Ia juga telah menulis dua buah buku mengenai fisika teori, “Selected Topics in Theoretical Physics: Two Dimensional Quantum Gravity and Conformal Field Theory” dan “Superstring Theory, D-Brane and Cosmology”.
Karena prestasinya di bidang fisika teori, Freddy telah mendapatkan beberapa penghargaan, diantaranya Satyalancana Wira Karya dari Presiden RI pada tahun 2003, Science Research and Innovation Award dari Universitas Putra Malaysia tahun 2005 dan Habibie Award pada tahun 2006.
Menurut Freddy, semua prestasi yang telah ia raih bukanlah semata hasil kerja kerasnya. Banyak pihak lain yang sangat berperan, diantaranya adalah orang tua dan guru-gurunya, karena menurutnya “tanpa mereka kita tidak bisa apa-apa”. Allah juga sangat berperan bagi Freddy, “karena saya muslim dari awal saya percaya sama Allah” ucapnya dengan tegas.
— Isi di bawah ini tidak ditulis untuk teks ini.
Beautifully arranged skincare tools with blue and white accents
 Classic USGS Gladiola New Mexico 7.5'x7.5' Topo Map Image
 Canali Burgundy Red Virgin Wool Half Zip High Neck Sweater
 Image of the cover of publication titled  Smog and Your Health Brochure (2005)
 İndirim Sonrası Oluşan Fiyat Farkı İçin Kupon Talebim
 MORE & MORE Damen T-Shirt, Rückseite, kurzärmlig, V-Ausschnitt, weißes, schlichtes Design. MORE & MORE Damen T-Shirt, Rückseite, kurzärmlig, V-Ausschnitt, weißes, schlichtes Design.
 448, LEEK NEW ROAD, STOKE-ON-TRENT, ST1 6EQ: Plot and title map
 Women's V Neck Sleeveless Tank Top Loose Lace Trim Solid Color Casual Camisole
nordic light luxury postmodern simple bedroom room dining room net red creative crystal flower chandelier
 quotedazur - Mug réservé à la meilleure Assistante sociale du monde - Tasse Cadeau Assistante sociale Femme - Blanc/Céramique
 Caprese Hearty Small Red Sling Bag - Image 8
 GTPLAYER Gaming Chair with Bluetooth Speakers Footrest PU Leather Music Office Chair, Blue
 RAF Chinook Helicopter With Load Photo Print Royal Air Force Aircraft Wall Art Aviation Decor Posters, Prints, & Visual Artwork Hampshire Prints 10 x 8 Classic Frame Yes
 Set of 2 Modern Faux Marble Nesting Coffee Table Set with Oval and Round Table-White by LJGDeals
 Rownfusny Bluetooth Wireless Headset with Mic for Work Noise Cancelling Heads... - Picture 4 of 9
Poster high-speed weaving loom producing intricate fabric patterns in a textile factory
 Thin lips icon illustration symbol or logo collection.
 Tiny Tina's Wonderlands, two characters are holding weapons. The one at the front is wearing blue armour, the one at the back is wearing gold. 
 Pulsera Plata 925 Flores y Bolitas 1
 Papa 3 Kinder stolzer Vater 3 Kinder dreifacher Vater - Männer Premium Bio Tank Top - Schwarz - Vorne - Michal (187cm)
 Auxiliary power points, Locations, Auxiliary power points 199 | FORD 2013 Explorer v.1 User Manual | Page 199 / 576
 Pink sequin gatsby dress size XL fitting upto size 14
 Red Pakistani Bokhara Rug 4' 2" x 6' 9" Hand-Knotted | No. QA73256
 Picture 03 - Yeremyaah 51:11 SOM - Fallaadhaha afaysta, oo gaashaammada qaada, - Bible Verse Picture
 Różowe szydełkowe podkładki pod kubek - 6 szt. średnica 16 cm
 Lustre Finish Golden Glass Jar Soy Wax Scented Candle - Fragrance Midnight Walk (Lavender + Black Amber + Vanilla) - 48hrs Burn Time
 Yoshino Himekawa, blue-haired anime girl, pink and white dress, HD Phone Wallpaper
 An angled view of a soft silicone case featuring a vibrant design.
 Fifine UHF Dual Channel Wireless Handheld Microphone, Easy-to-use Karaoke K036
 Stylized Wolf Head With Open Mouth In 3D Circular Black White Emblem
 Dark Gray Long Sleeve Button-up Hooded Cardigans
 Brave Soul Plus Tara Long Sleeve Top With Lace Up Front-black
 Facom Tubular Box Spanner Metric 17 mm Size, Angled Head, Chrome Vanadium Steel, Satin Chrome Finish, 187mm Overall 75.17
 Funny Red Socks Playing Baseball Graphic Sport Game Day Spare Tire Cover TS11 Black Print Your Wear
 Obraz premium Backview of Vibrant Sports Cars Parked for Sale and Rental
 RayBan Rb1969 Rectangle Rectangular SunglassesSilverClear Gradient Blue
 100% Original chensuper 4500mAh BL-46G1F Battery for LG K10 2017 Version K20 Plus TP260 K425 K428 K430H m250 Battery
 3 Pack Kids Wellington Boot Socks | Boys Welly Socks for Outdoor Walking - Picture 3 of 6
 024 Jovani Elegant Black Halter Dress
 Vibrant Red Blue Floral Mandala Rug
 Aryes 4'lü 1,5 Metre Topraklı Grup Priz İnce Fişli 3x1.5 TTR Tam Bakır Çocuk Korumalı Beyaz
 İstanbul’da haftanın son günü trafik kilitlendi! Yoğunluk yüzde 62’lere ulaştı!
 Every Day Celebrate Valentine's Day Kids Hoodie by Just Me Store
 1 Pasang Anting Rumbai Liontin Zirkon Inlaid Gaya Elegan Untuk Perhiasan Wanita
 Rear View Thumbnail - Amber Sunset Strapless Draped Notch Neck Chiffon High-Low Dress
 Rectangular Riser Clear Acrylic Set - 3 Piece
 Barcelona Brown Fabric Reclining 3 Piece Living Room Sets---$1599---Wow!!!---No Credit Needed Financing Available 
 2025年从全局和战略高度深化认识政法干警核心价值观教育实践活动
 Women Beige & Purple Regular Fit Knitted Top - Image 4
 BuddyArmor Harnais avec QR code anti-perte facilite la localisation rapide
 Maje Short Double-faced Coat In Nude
Makin Tinggi Ilmu Makin Percaya Tuhan
Menurut Freddy, dengan mempelajari fisika lebih dalam ia semakin mempercayai keberadaan Tuhan. Misalnya penemuan chip komputer. “Teknologi itu kan harus benar-benar dengan ukurannya, koma-komanya saja harus persis, sedikit saja berbeda itu sudah nggak jadi dan itu sesuai dengan ayat yang menyatakan bahwa Allah menciptakan dunia ini dengan ukuran dan timbangannya,” Freddy menjelaskan. Disamping itu menurut Freddy, hal-hal rumit di dunia ini tidak mungkin ada dengan sendirinya, ia pasti ada yang menciptakan, dan yang menciptakan itu harus yang Maha Pintar. “Orang yang bikin robot yang menyerupai manusia saja sudah dikagumi. Ini yang menciptakan manusianya sendiri harusnya jauh lebih dikagumi” ia berargumen.
Oleh karena itulah kepada mahasiswanya ia mengarahkan agar dengan mempelajari fisika mereka lebih dekat dengan Tuhannya. “Itu sudah kewajiban saya, justru kalau belajar fisika tidak dikaitkan dengan agama itu salah. Dampaknya orang bisa jadi atheis” Fredyy menjelaskan.
Dalam mempelajari fisika, Freddy mempunyai satu prinsip bahwa kalau penemuan fisika itu bertentangan dengan al-quran, maka itu mesti salah. “Ini saya pegang dari dulu, buktinya sudah banyak” ia berargumen.
Sekalipun Freddy hobi fisika, tapi idolanya bukan Einstein, Hawkings, Newton, atau para fisikawan hebat lainnya, “idola saya nabi Muhammad saw, kalau tokoh fisika semuanya sama saja, mereka manusia biasa, pasti punya salah juga” ujar lelaki murah senyum ini.
Ke depan ia bercita-cita mendirikan sebuah lembaga penelitian di bidang fisika. Tapi ia mengaku hal itu cukup sulit untuk diwujudkan. “Sekarang ini negara juga kurang peduli terhadap ilmu”, Anggota Group Fisikawan Teoritis Indonesia ini beralasan. Padahal menurutnya bangsa Indonesia mampu bersaing dengan bangsa lainnya dalam bidang ilmu pengetahuan, masalahnya hanya tinggal dana. Padahal untuk menjalankan lembaga penelitian fisika yang dicita-citakannya ia ‘hanya’ memerlukan dana sebesar 1,2 Milyar pertahun, “berarti 10 tahun cuma 12 M” ujarnya, “Selama itu mungkin bisa ada yang dapat hadiah nobel” mantan Asisten Deputi di Departemen Riset dan Teknologi ini menjelaskan. (Dwi Budiman/Suara Hidayatullah)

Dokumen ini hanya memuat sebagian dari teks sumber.